Palmetto State Armory appears to have a sizable inventory of Mannlicher-Carcano M91/24 TS carbines in stock. In this time of ammo panics and gun shortages, someone caught out without a long gun might think that's a viable choice. After all, it's a former military-issue longarm, right? And what could be more rugged and reliable than a military surplus bolt-action rifle?

As a bonus, 6.5x52mm Carcano ammo may be expensive, but a quick check at Ammoseek.com shows that there's plenty of Prvi Partizan and Norma ammo out there to be had, unlike 5.56 or 7.62x39 right now.

There's something to be said for a short, fast-handling carbine in an intermediate military caliber like 6.5 Carcano, but there are rather a lot of flies in this ointment. For starters, the Carcano action is clunky and awkward; there's a reason you don't see it serving as a popular basis for sporters the way the Mauser and its derivatives are.
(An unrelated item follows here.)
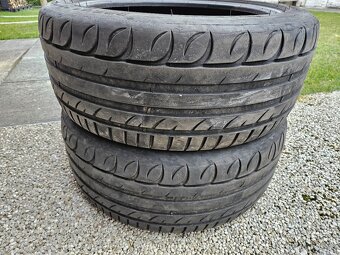 2 ks letné pneu 225/45R17 - 2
Secondly (and a lot more importantly) the rifle uses the Mannlicher system of feeding from en bloc clips. Each clip holds six rounds, and the whole assembly is fed into the open action, with the spent clip dropping out the bottom of the receiver after it's empty. Like the Garand, the rifle is a single-shot without the clip. Unlike the Garand, the world is not knee-deep in Carcano clips.

Even as a battlefield pickup, this would be a gray loot drop.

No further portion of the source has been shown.